I mentioned that I am planning an assignment where we will parse infix expressions like those you would find in procedural languages like Java and Python.

The technique we will be using is known as recursive descent parsing. You can think of it as a poor man's approach to compiling. The idea is to express a grammar for the language as a series of BNF productions and then to write a different recursive definition for each production. BNF grammars tend to be mutually recursive, so our Scheme procedures will tend to be mutually recursive.

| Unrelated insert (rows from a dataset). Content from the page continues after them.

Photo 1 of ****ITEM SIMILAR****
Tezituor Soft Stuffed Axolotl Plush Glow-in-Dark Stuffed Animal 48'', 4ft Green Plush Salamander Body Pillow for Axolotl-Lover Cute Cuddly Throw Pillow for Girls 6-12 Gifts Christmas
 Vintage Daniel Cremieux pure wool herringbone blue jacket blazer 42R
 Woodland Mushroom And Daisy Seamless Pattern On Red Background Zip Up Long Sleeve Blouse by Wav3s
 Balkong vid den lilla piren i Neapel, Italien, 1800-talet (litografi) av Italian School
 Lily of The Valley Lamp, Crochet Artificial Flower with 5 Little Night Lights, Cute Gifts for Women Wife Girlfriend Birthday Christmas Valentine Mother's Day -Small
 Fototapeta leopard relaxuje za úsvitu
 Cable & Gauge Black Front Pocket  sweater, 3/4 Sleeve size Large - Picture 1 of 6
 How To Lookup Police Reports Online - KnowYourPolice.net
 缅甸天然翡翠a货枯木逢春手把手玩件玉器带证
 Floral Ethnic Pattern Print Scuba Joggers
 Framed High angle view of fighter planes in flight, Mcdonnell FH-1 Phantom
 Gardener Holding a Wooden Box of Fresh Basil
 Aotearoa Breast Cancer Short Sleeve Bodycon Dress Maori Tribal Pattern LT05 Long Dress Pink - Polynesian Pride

I spent a few minutes discussing some aspects of this task that may seem a bit odd. Consider, for example, this bit of a Java program:

        for (int i=2*3/4 + 2+7; i*x <= 3.7 * y; i = i*3+7)
Suppose you wanted to write a Java interpreter. You would have to somehow process that input. We begin by tokenizing it. So imagine turning this into a list of tokens in a Scheme list:

        (for ( int i = 2 * 3 / 4 + 2 + 7 ; i * x <= 3.7 * y ; i = i * 3 + 7 ) )
Because parentheses are so integral to Scheme syntax, I said that we'll be replacing them with tokens lparen and rparen. So the list above would really be turned into:

        (for lparen int i = 2 * 3 / 4 + 2 + 7 ; i * x <= 3.7 * y ; i = i * 3 + 7 rparen )
I mentioned that we will want to write various parsing procedures that process different parts of this list of tokens. In our case, we'll assume that the tokens you want to pay attention to are at the front of the list. As tokens are processed, we remove them from the front of the list. We refer to this as consuming tokens. So imagine that we have consumed tokens up to the first numerical expression in the list above:

        (2 * 3 / 4 + 2 + 7 ; i * x <= 3.7 * y ; i = i * 3 + 7 rparen )
How would we go about processing a numerical expression? We see a 2 at the front of the list and that's an expression, so we might conclude that this expression evaluates to 2. Someone said that's not right because there are other tokens that are part of the expression. This is an important point to understand. We want to write parsing routines that are greedy in the sense that they will consume as much input as they can that appears at the front of the list. So we want to consume all of these tokens:

        (2 * 3 / 4 + 2 + 7 ; i * x <= 3.7 * y ; i = i * 3 + 7 rparen )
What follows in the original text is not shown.